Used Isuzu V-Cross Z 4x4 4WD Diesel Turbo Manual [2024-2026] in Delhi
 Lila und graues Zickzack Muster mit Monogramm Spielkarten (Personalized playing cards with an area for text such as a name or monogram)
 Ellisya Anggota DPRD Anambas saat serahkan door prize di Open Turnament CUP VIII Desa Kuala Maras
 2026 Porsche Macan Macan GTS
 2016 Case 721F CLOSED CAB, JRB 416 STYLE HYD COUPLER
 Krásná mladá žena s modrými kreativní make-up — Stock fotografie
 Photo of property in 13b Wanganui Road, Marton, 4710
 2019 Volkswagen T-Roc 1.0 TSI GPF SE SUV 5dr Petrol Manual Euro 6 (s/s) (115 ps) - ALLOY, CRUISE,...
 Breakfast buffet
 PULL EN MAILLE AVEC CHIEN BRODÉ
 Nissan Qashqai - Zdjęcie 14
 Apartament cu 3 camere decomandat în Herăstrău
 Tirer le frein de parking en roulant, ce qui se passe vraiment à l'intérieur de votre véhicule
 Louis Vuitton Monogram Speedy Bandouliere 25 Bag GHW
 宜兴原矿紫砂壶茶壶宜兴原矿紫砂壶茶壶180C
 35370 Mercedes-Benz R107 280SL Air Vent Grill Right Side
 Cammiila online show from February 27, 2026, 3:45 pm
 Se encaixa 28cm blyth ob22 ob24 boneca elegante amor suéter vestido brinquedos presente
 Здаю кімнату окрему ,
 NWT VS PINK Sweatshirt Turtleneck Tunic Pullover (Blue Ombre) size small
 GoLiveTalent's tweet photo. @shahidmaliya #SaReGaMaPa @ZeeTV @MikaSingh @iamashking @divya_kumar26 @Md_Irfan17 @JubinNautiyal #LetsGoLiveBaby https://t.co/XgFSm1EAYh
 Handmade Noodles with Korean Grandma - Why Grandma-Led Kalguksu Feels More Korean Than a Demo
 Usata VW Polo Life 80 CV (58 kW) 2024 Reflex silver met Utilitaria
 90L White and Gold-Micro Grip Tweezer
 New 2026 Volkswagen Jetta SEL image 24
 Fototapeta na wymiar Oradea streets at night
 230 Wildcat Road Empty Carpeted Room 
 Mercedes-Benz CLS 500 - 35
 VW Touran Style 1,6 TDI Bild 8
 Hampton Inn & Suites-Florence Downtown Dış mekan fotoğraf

== INSTRUCTIONS TO FOLLOW ==
Nothing but the lines from the one with "Tirer le frein" through the last line of the data should appear; print them exactly.

== WORKED SOLUTION ==
 Tirer le frein de parking en roulant, ce qui se passe vraiment à l'intérieur de votre véhicule
 Louis Vuitton Monogram Speedy Bandouliere 25 Bag GHW
 宜兴原矿紫砂壶茶壶宜兴原矿紫砂壶茶壶180C
 35370 Mercedes-Benz R107 280SL Air Vent Grill Right Side
 Cammiila online show from February 27, 2026, 3:45 pm
 Se encaixa 28cm blyth ob22 ob24 boneca elegante amor suéter vestido brinquedos presente
 Здаю кімнату окрему ,
 NWT VS PINK Sweatshirt Turtleneck Tunic Pullover (Blue Ombre) size small
 GoLiveTalent's tweet photo. @shahidmaliya #SaReGaMaPa @ZeeTV @MikaSingh @iamashking @divya_kumar26 @Md_Irfan17 @JubinNautiyal #LetsGoLiveBaby https://t.co/XgFSm1EAYh
 Handmade Noodles with Korean Grandma - Why Grandma-Led Kalguksu Feels More Korean Than a Demo
 Usata VW Polo Life 80 CV (58 kW) 2024 Reflex silver met Utilitaria
 90L White and Gold-Micro Grip Tweezer
 New 2026 Volkswagen Jetta SEL image 24
 Fototapeta na wymiar Oradea streets at night
 230 Wildcat Road Empty Carpeted Room 
 Mercedes-Benz CLS 500 - 35
 VW Touran Style 1,6 TDI Bild 8
 Hampton Inn & Suites-Florence Downtown Dış mekan fotoğraf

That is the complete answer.